Il importe donc, évidemment, d'expliquer aux adolescentes que leur désir est important, que leurs envies le sont également.
Pour autant, on peut consentir sans aucune envie ; une adolescente peut décider d'avoir des rapports sexuels pour faire comme les autres, pour se débarrasser de sa virginité. Elle n'a pas forcement de désir sexuel mais elle consent bien.
Et à l'inverse, comme on me l'a fait remarquer sur twitter, on peut très bien désirer et ne pas consentir. On peut avoir envie de sexe mais se sentir trop fatigué, avoir mal au crâne, une cystite, bref d'autres choses à penser et à faire.
Consentement et désirs ne sont pas liés. Encore une fois, je le répète il est extrêmement important d'inculquer aux ados que le désir des femmes est important et qu'on doit en tenir compte (car on tient en général compte du désir des hommes du moins dans les couples hétérosexuels cisgenres). Mais on peut consentir sans désir et désirer sans consentir.
Consentir peut donc se définir comme le fait, comme je l'ai déjà expliqué d'avoir le choix clair, formulé, explicite de pouvoir dire non.
Peut-on dire non sans craindre des conséquences désagréables ? Peut-on dire non en se sentant en l'aise, sans avoir peur ?
Et à l'inverse comme la question m'est souvent posée par des hommes, comment reconnaît-on le consentement ?
Le consentement ne se reconnait pas à des phénomènes physiques ; si votre partenaire à une érection, ou mouille, il ou elle ne consent pas forcément.
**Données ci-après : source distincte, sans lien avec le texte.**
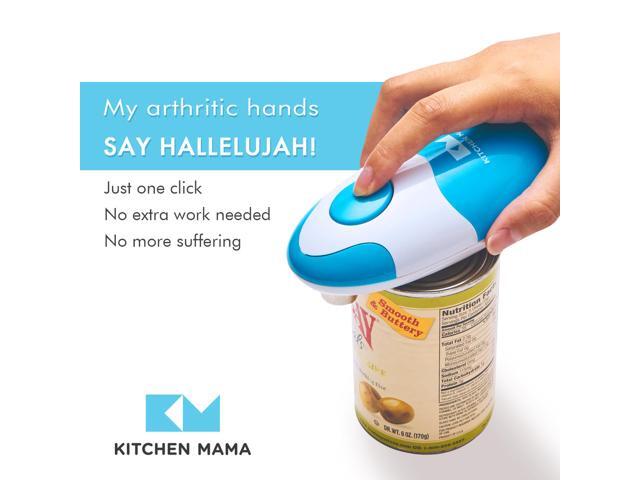Kitchen Mama Electric Can Opener: Open Your Cans with A Simple Push of Button - Smooth Edge, Food-Safe and Battery Operated Handheld Can Opener...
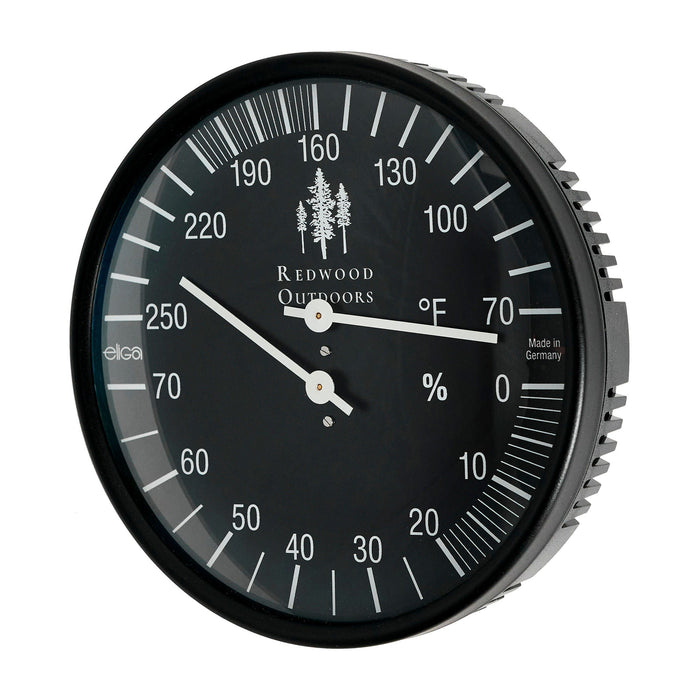Black 5" Dial Thermometer/Hygrometer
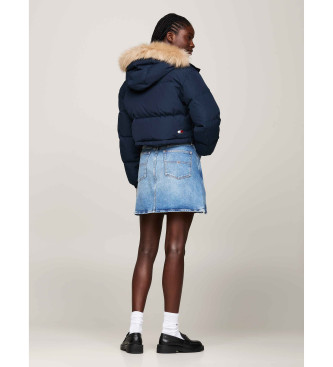 Tommy Jeans Alaska quilted jacket in navy cropped cut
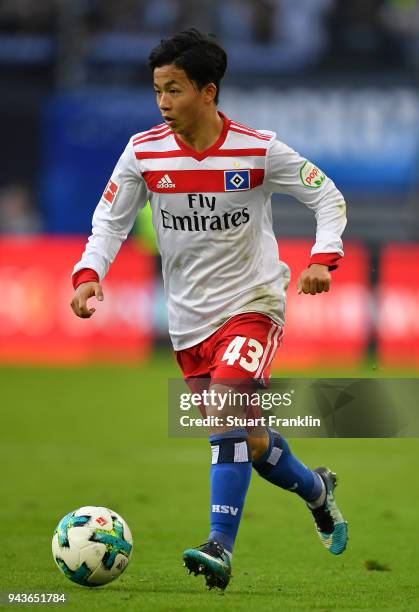 Tatsuya Ito of Hamburg in action during the Bundesliga match between Hamburger SV and FC Schalke 04 at Volksparkstadion on April 7, 2018 in Hamburg,...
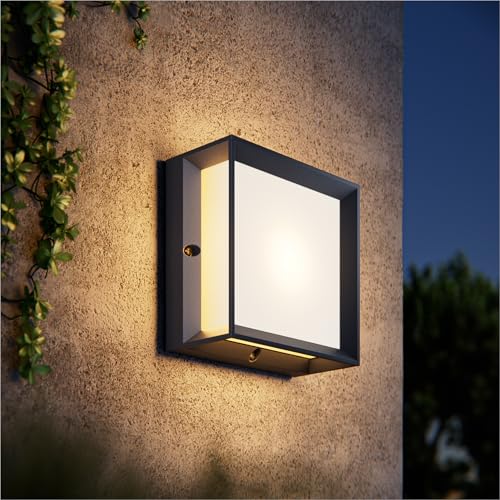 Klighten Applique Murale 2x E27 Extérieure/Intérieur,Max 60W,IP65 Imperméable pour Intérieur et Extérieur,PC + Aluminium,Ampoule non Incluse,Noir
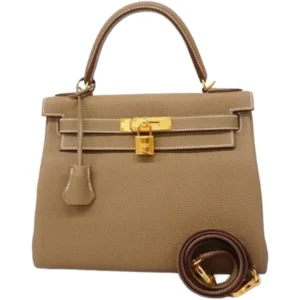 エルメス ケリー28 ハンドバッグ レザー B刻印 ゴールド金具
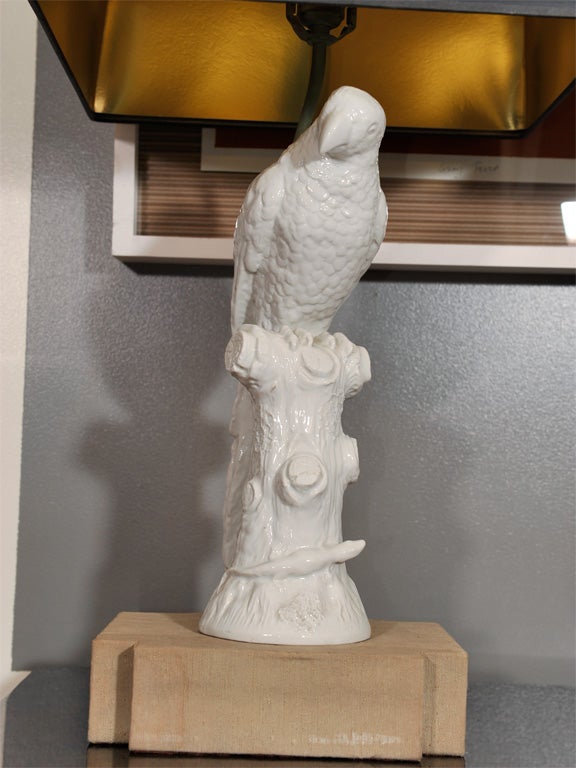 Pair of Meissen-style parrot figures mounted as lamps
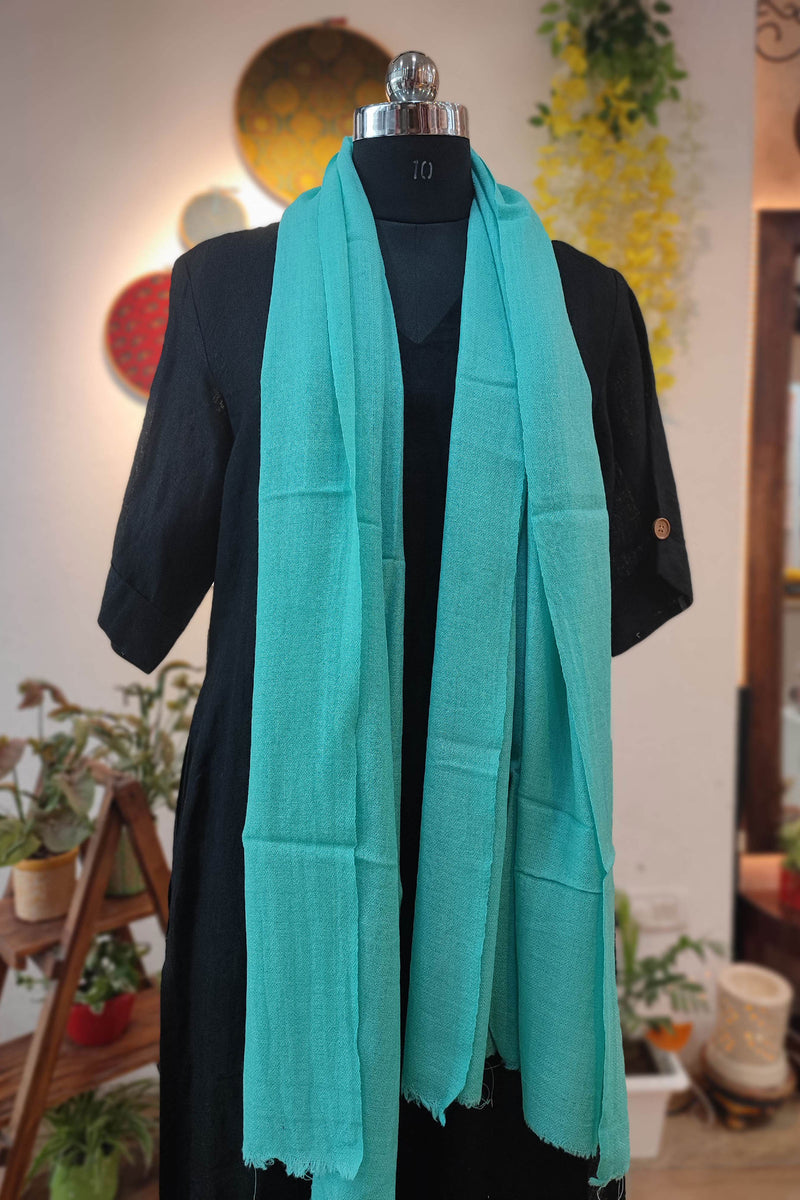 Teal Blue Plain Fine Wool Pashmina Stole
Si vous la connaissez, demandez. Si vous la connaissez peu ou pas, demandez encore plus. Vous considérerez que demander nuit à l'excitation ? j'en avais parlé dans ce texte nous avons en effet été éduqué-es dans l'idée que le non consentement sexuel féminin est excitant. Pour autant cela peut et cela doit changer. Donc demandez. Pas la peine de faire des longues phrases. Et au moindre doute, si vous avez l'impression que quelque chose ne va pas, que la personne se force éventuellement, ne vous dites pas que cela la concerne et qu'elle n'a qu'à s'exprimer. Si vous vous êtes senti assez proche d'elle pour avoir des relations sexuelles alors vous pouvez vous sentir assez proche d'elle pour faire attention aux non-dits éventuels.
Un acte sexuel n'implique pas que la personne consent à la totalité des actes sexuels possibles et imaginables ; le consentement se redemande pour chaque acte sexuel.
C'est désagréable et tue l'amour selon vous ? Demandez vous plutôt pourquoi vous pensez que savoir que l'autre est consentant-e est tue l'amour.